Finding the roots of a high degree polynomial equation

[1MileCrash]

Homework Statement

y(6) - 3y(4) + 3y''-y = 0

Homework Equations

The Attempt at a Solution

The characteristic equation of that differential equation is:

r^6 - 3r^4 + 3r^2 - r = 0

But how am I expected to solve such a high degree polynomial (and thus the DE?)

 

[Bacle2]

First, notice you can rewrite you char. equation as:

r(r^5-3r^3+3r-1)=0

Then notice too, that, inside your parenthesis: 1-3+3-1=0. What does this tell you?

 

[tiny-tim]

Hi 1MileCrash!

(try using the X² button just above the Reply box )

r^6 - 3r^4 + 3r^2 - r = 0

nooo …

r⁶ - 3r⁴ + 3r² - 1 = 0 ​

 

[SammyS]

Homework Statement

y⁽⁶⁾ - 3y⁽⁴⁾ + 3y''-y = 0

Homework Equations

The Attempt at a Solution

The characteristic equation of that differential equation is:

r^6 - 3r^4 + 3r^2 - r = 0

But how am I expected to solve such a high degree polynomial (and thus the DE?)

Following tiny-tim's corrected characteristic equation:

r⁶ - 3r⁴ + 3r² - 1 = 0​

Expand (a - b)³ .

 

[epenguin]

I don't know at what point certain things are supposed to be familiar but I would say pretty early there is a rather familiar pattern to be discerned in that last formula.

 

[HallsofIvy]

r^6- 3r^4+ 3r^2- 1 has only even powers of r.

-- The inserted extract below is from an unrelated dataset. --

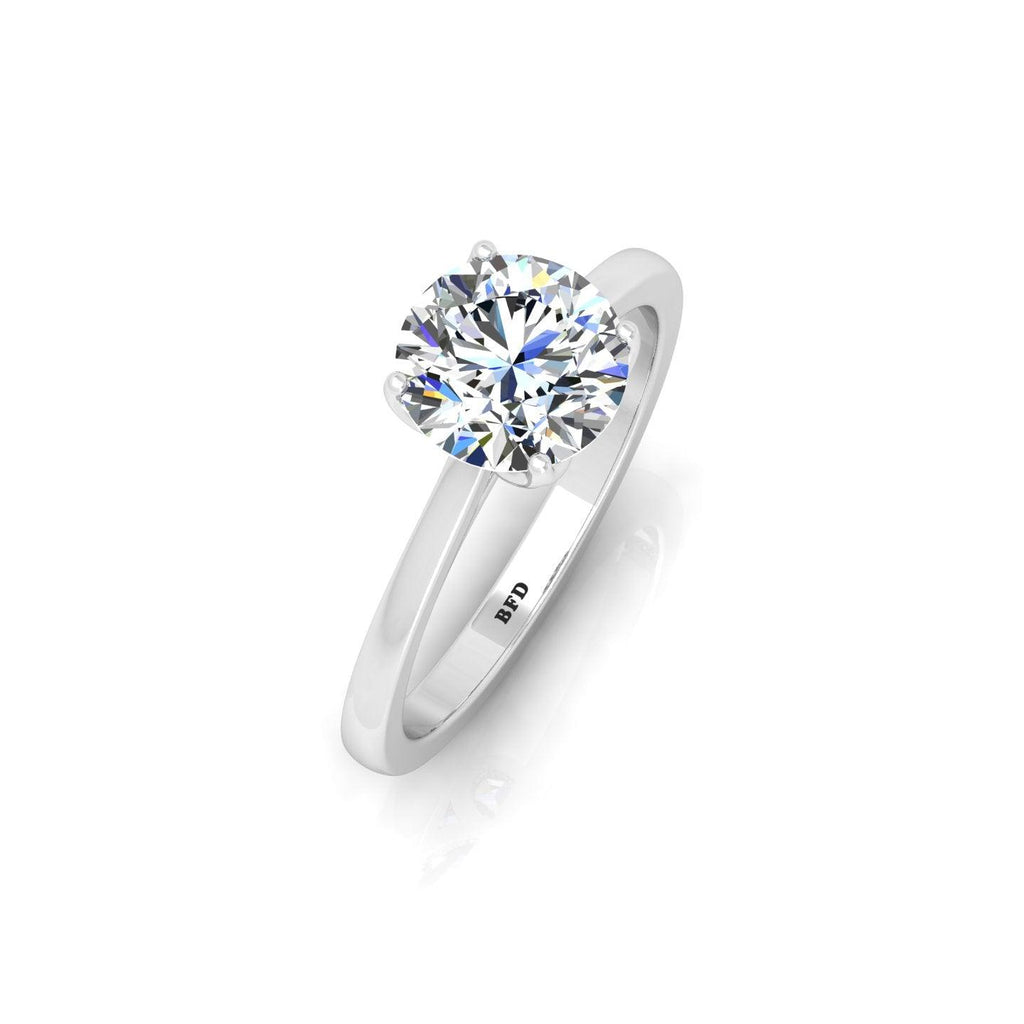 IGI CERTIFIED D/VS 2.00CT Round Diamond Solitaire Engagement Ring, 950 Platinum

Let x= r^2 and that becomes x^3- 3x^2+ 3x- 1. And, as SammyS suggests, that is (x- 1)^3.

 

[Bacle2]

Worse comes to worse and you cannot see this pattern, it always makes sense to try for the simple roots,like 0,1 and -1 . Checking for 1 as a root comes down to adding the coefficients and seeing if the sum is zero; similar for -1.

 

[HallsofIvy]

Let me point out that Bacle2 is not just choosing "simple roots" at random. Since the leading coefficient is 1 and the constant term is 1, by the "rational root theorem" the only possible rational number roots are 1 and -1. (I don't know why he mentions "0".)

 

[Bacle2]

Let me point out that Bacle2 is not just choosing "simple roots" at random. Since the leading coefficient is 1 and the constant term is 1, by the "rational root theorem" the only possible rational number roots are 1 and -1. (I don't know why he mentions "0".)

Right, my bad. I thought the characteristic equation had no constant term.

 

[LCKurtz]

All this help and the OP is nowhere in sight.